Introduction: A previous review study showed the trends of declining age- and sex-adjusted incidence of hip fractures in almost all the countries, except Austria and Japan, in the most recent of the periods studied. However, the expansion of devices for diagnosis and drugs for fracture prevention in Japan was roughly the same as in the other countries. This study aimed to conduct a comprehensive systematic review and meta-analyses of incidence rates (IRs) of osteoporotic fractures reported over 30-years in multiple communities in Japan and to evaluate secular trends.
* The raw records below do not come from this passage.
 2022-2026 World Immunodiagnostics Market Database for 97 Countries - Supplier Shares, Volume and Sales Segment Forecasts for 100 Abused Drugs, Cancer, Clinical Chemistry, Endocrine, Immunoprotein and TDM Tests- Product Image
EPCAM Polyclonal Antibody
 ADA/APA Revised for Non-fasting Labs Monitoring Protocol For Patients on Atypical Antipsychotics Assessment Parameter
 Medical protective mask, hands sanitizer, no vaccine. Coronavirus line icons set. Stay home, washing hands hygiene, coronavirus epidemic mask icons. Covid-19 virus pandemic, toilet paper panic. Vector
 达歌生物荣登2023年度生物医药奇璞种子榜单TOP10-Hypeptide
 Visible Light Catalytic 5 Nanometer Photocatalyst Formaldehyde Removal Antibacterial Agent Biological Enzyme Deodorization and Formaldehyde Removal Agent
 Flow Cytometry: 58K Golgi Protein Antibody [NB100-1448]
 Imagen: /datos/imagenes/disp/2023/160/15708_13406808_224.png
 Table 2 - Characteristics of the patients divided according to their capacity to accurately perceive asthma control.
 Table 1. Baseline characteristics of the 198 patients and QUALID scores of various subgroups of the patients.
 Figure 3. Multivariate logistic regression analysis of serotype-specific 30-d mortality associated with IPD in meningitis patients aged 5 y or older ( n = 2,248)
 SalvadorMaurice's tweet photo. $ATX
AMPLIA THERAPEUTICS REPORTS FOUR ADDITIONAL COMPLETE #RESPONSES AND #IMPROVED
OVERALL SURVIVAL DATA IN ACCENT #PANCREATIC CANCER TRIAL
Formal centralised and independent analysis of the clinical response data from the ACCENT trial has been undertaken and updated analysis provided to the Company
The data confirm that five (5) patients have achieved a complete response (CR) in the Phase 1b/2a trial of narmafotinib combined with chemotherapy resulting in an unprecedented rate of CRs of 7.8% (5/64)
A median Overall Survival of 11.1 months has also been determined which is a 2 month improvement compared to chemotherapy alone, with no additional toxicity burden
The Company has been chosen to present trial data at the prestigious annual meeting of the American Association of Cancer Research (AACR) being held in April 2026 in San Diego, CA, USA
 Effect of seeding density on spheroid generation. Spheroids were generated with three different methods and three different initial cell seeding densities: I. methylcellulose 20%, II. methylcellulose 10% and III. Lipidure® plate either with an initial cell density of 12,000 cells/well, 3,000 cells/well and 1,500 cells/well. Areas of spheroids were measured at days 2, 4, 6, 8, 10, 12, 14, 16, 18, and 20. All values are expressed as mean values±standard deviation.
Materials And Methods: We searched MEDLINE for observational studies reporting IRs of osteoporotic fractures in the general population. Additional studies were identified by hand searches of reference lists of published studies. Two reviewers and 1 expert independently assessed study eligibility. Pooled analyses of IRs were conducted by a random-effect model. Data from 3 periods (1985-1999, 2000-2009, and from 2010) were compared.
Results: Of 47 eligible studies, 21 with IRs or information enabling recalculation of IRs in the population aged 50 years and older were included. IRs of hip fractures per 100,000 person-years significantly increased over time in men: 1985-1999, 0.79 (95% CI 0.71-0.87); 2000-2009, 1.18 (95% CI 1.09-1.28); and 2010 onwards, 1.31 (95% CI 1.17-1.45). They also significantly increased in women: 2.23 (95% CI 1.89-2.58); 3.99 (95% CI 3.70-4.28); and 4.39 (95% CI 4.00-4.78), respectively.
Conclusion: IRs of hip fractures continuously increased in the past 30-years in men and women despite improved the diagnosis, treatment, and care. Such data from Japan, a leading aging society, provide important information for other countries.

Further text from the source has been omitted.